Once I remember the other app this kind of breakage happens with I will post it here.

RJVB commented 1 year ago

IIRC it compresses in place to reduce file space use

Not really, because the backup copy made takes up as much space as you'd need for building the new file elsewhere...

I think the reason could have to do with not having to bother about other attributes that might be associated with the inode.

gingerbeardman commented 1 year ago

OK, so I made a discovery.

If an app is compressed and starts crashing at launch... simply restart your Mac. After that, the compressed app in question will launch just fine.

Was does this tell us? That it's some sort of caching issue?

RJVB commented 1 year ago

Was does this tell us? That it's some sort of caching issue?

Sure sounds like it. man dyld will show a list of env. variables to print out all kinds of things, and modify the loader's behaviour. Maybe something in there can help shed more light on the situation.
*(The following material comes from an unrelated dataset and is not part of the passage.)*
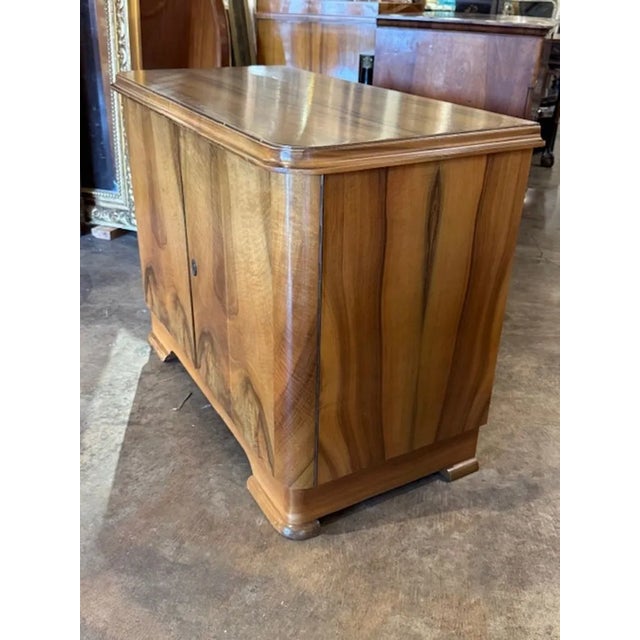 19th Century 19th Century Italian Walnut Cabinet For Sale - Image 5 of 6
What does the crash reporter tell about the crash? Or what happens if you launch the application through lldb?

gingerbeardman commented 1 year ago

What does the crash reporter tell about the crash? Or what happens if you launch the application through lldb?

Not as much as expected, because:

Error Formulating Crash Report:
dyld_process_snapshot_get_shared_cache failed

HP Easy Scan-2023-05-15-150709.ips.txt

RJVB commented 1 year ago

On Monday May 15 2023 09:09:16 Matt Sephton wrote:

Error Formulating Crash Report: dyld_process_snapshot_get_shared_cache failed

Also when you start the app through lldb (instead of having it do post-mortem debugging)?

Note how rebuilding the shared dyld cache requires rebooting the machine according to https://obsigna.com/articles/1545759477.html

Does this happen only with applications that contain shared libraries (or frameworks), or that depend on such libraries that were also compressed?

The manpage for my version of update_dyld_shared_cache reads as if only shared libraries that are part of the OS are cached, but maybe that has changed, That would certainly explain why I cannot reproduce the issue with compressed app bundles... Still, it would be stupid if there are no means to update the cache of user libraries.

What happens if after the compression of a runnable application you do

find /path/to/foo.app -depth -exec touch -h -m '{}' ";"

(idem for any shared library dependencies outside the appbundle that you compressed).

That way dyld is at least warned that there's been a change to the files it loads...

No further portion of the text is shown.